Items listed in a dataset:
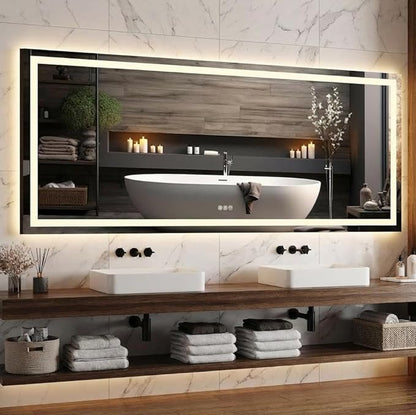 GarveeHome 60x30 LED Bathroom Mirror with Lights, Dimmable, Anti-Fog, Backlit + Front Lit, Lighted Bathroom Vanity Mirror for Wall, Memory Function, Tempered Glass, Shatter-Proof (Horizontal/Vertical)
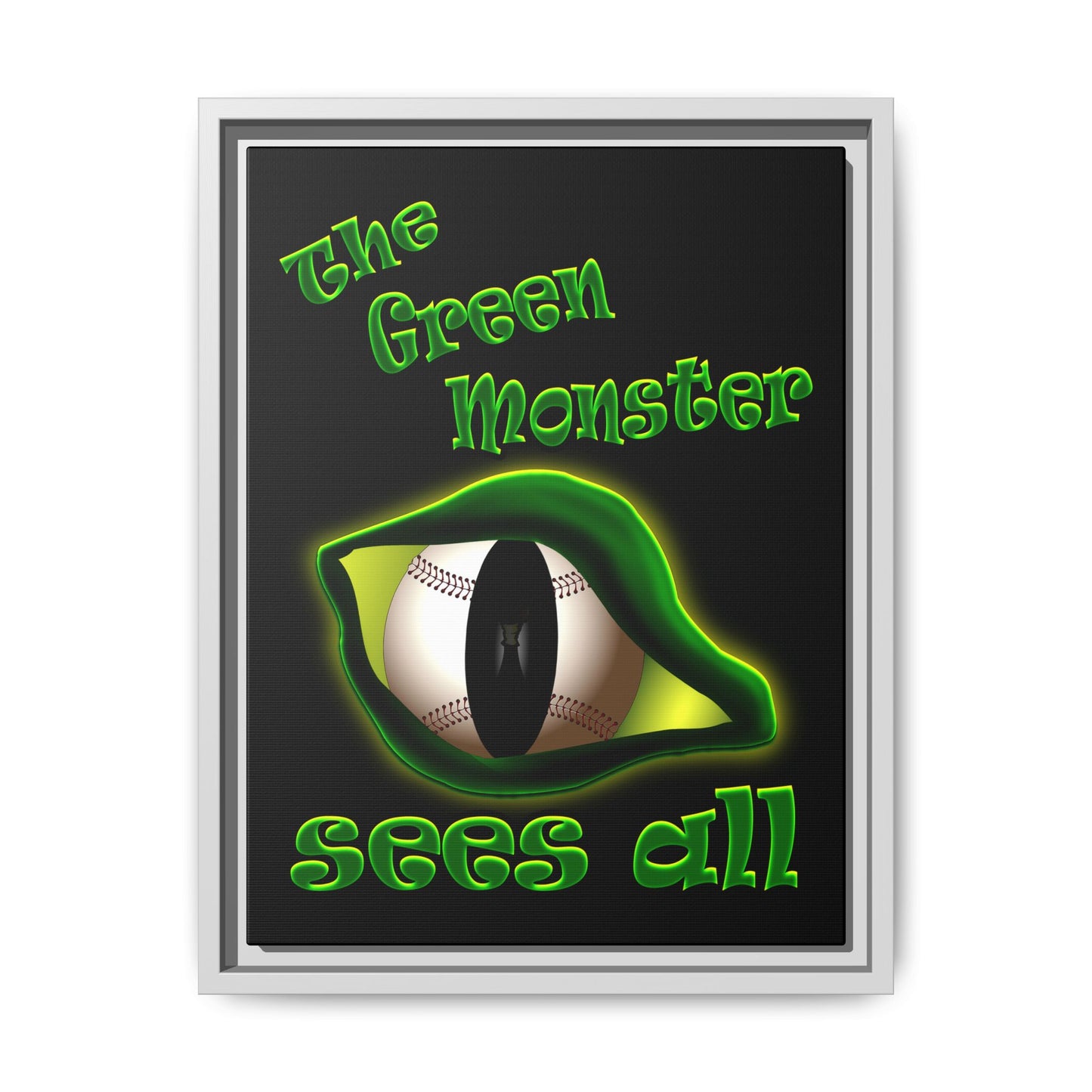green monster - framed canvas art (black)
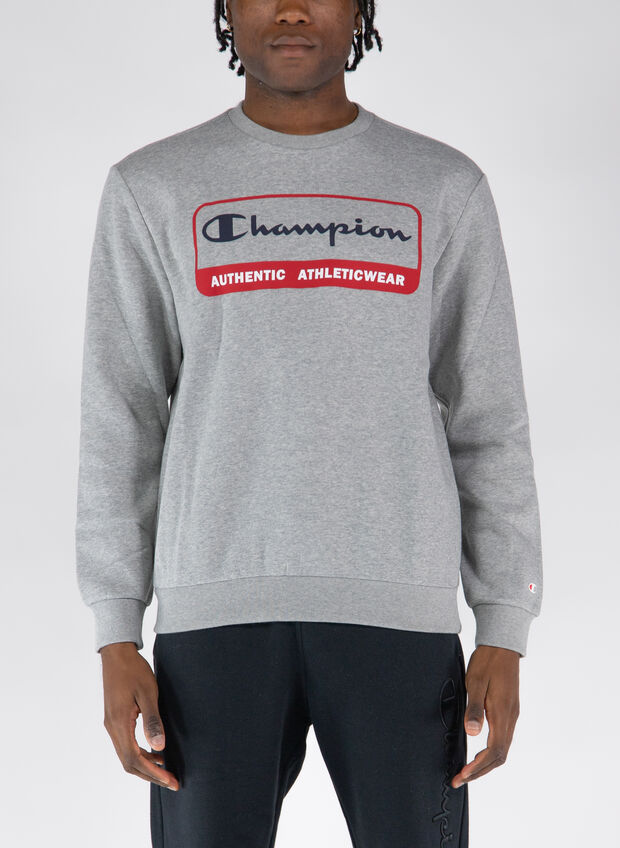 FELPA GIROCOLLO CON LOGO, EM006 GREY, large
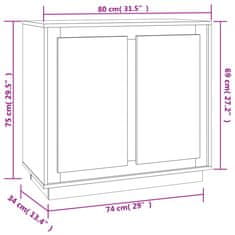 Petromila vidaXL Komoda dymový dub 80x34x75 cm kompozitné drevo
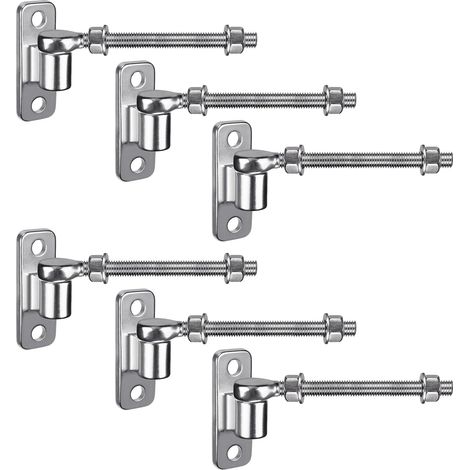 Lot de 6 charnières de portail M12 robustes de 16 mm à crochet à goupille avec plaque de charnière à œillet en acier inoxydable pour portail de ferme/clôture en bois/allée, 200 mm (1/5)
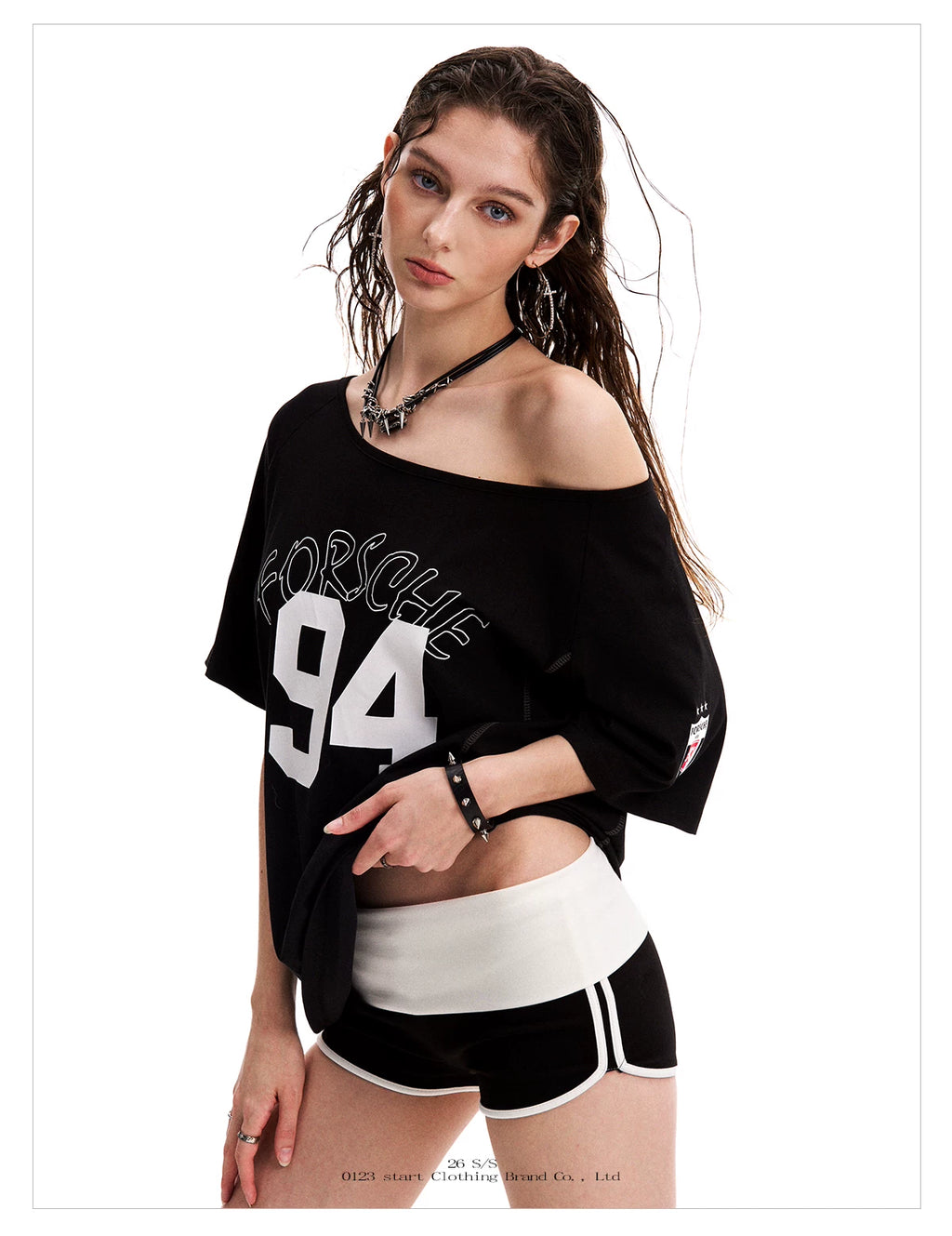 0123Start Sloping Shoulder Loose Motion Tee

* What is expected *
Reproduce the data above line for line, excluding every picture.

* Your solution *
 GarveeHome 60x30 LED Bathroom Mirror with Lights, Dimmable, Anti-Fog, Backlit + Front Lit, Lighted Bathroom Vanity Mirror for Wall, Memory Function, Tempered Glass, Shatter-Proof (Horizontal/Vertical)
green monster - framed canvas art (black)
 FELPA GIROCOLLO CON LOGO, EM006 GREY, large
 Petromila vidaXL Komoda dymový dub 80x34x75 cm kompozitné drevo
 Lot de 6 charnières de portail M12 robustes de 16 mm à crochet à goupille avec plaque de charnière à œillet en acier inoxydable pour portail de ferme/clôture en bois/allée, 200 mm (1/5)
 0123Start Sloping Shoulder Loose Motion Tee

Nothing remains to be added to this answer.